* DIRECTIONS: For this task, copy all of the data below exactly and skip the pictures.

(Stored items from a collection)

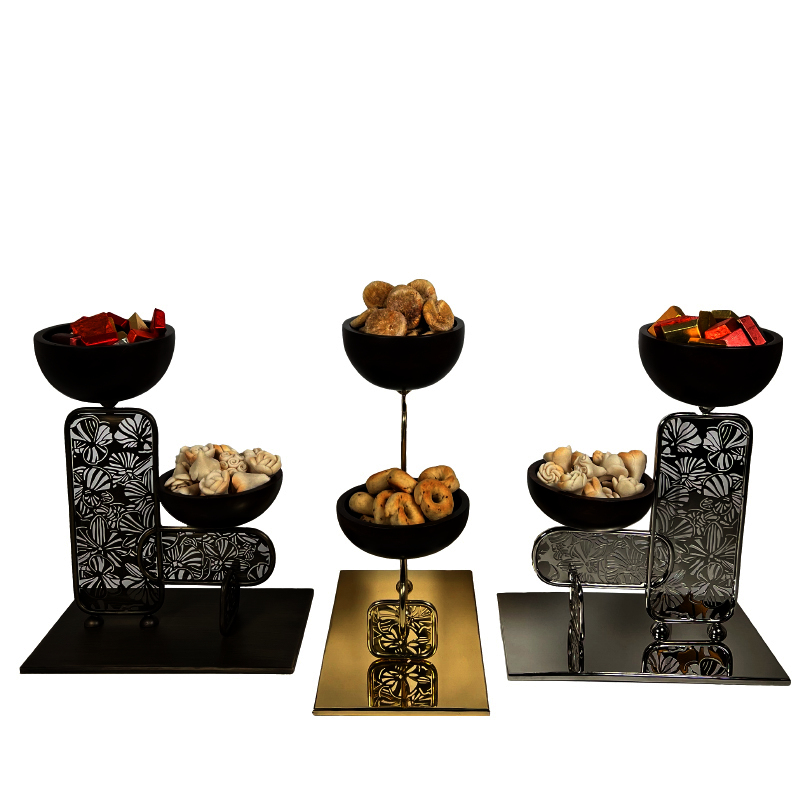 Chocolate Wood Bowls on Brass Stand - The Orchid Collection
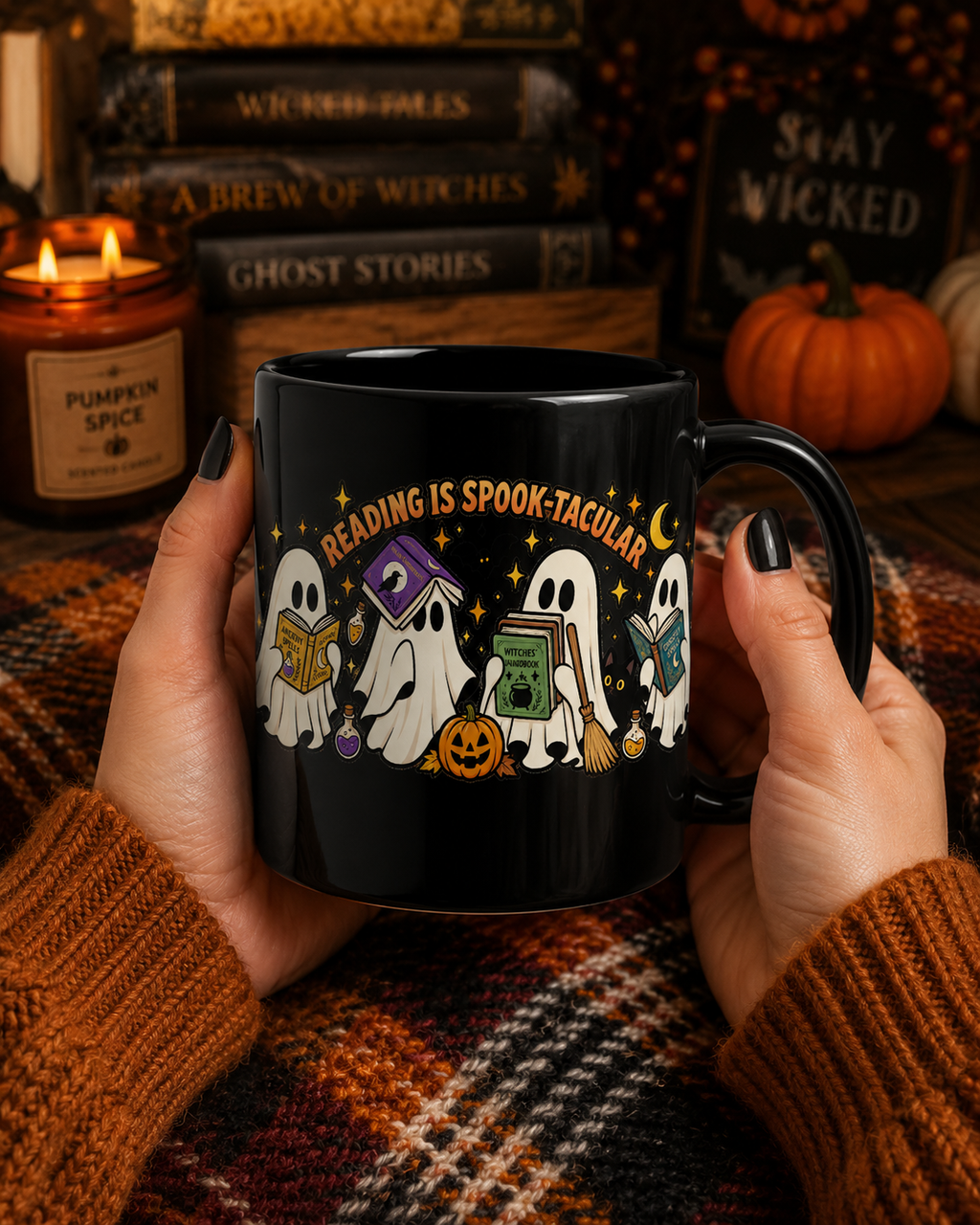 Reading Is Spook-Tacular Halloween Mug – Cute Ghost Book Lover Mug | Black 11 oz & 15 oz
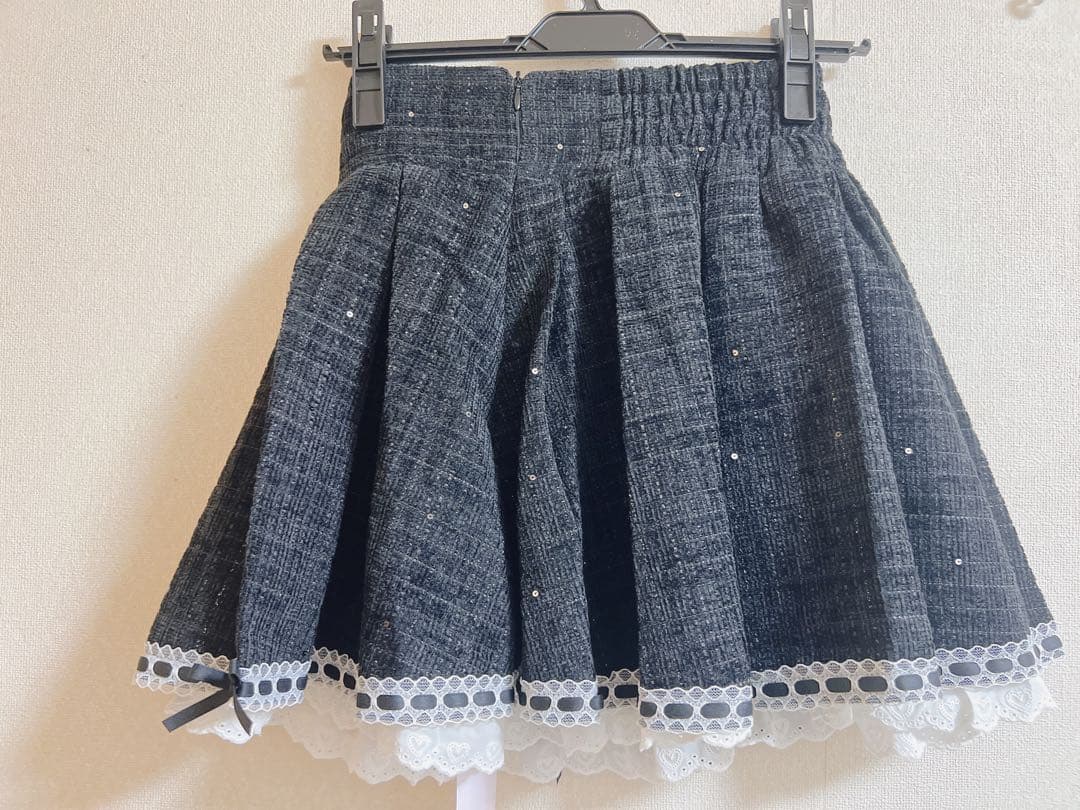 pium コットンフリルタックフレアツイードスカート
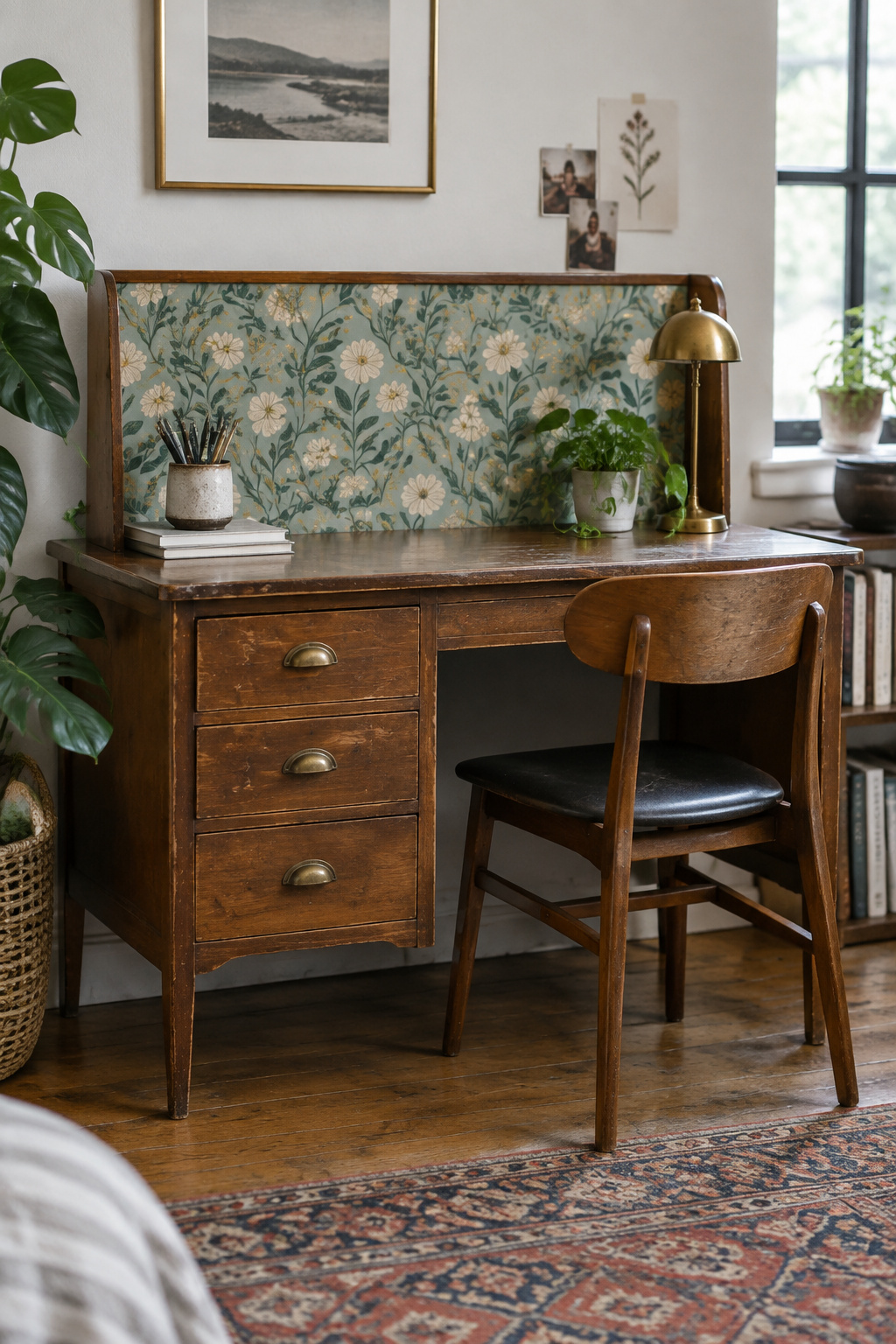Secondhand wood desk with thrifted hardback books and an Edison-bulb lamp in front of a removable wallpaper accent panel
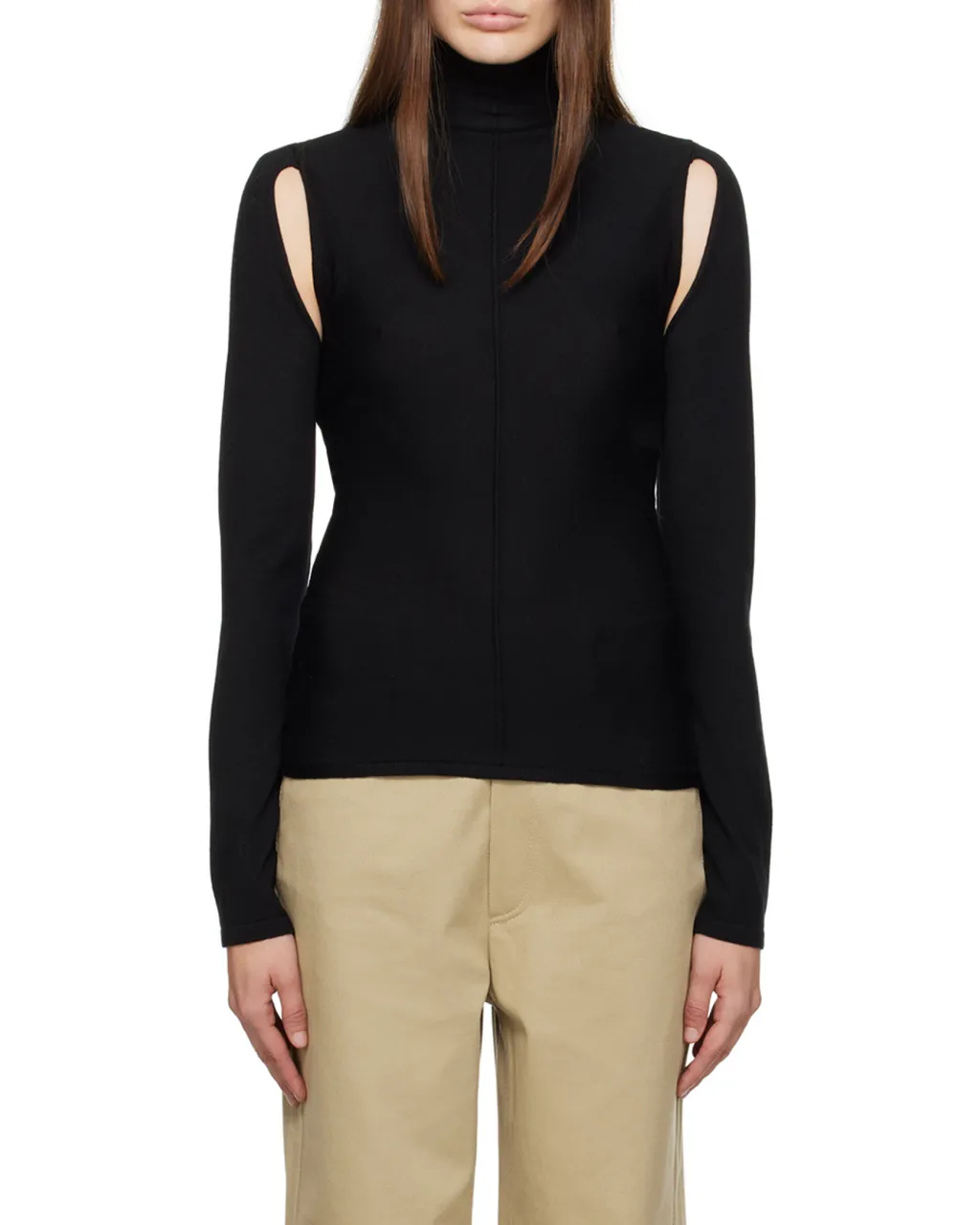 Khaite Turtleneck Cut-Out Detailed Top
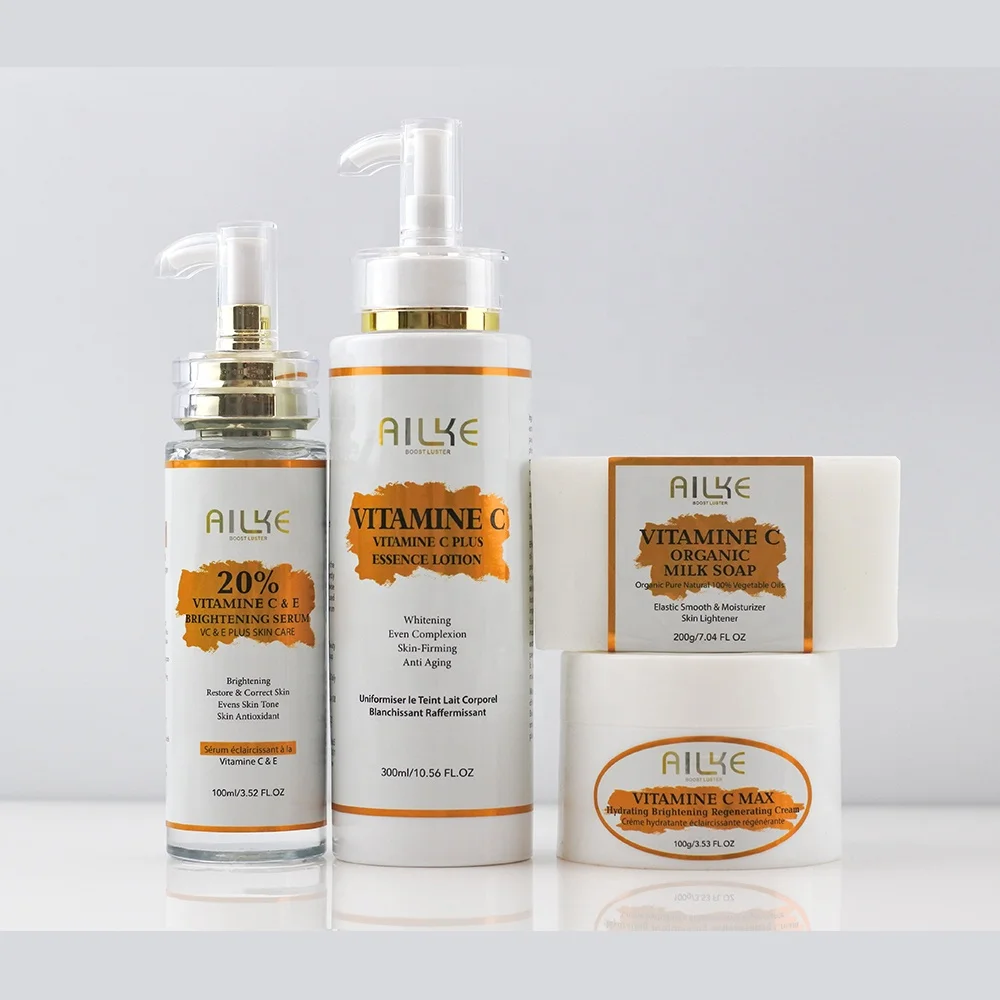 AILKE Organic Niacinamde Face Care Men Women Vegan Best Vitamin C Anti Aging Skincare Set For Dark Skin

* RESULT OF THE TASK:
 Chocolate Wood Bowls on Brass Stand - The Orchid Collection
 Reading Is Spook-Tacular Halloween Mug – Cute Ghost Book Lover Mug | Black 11 oz & 15 oz
 pium コットンフリルタックフレアツイードスカート
Secondhand wood desk with thrifted hardback books and an Edison-bulb lamp in front of a removable wallpaper accent panel
 Khaite Turtleneck Cut-Out Detailed Top
 AILKE Organic Niacinamde Face Care Men Women Vegan Best Vitamin C Anti Aging Skincare Set For Dark Skin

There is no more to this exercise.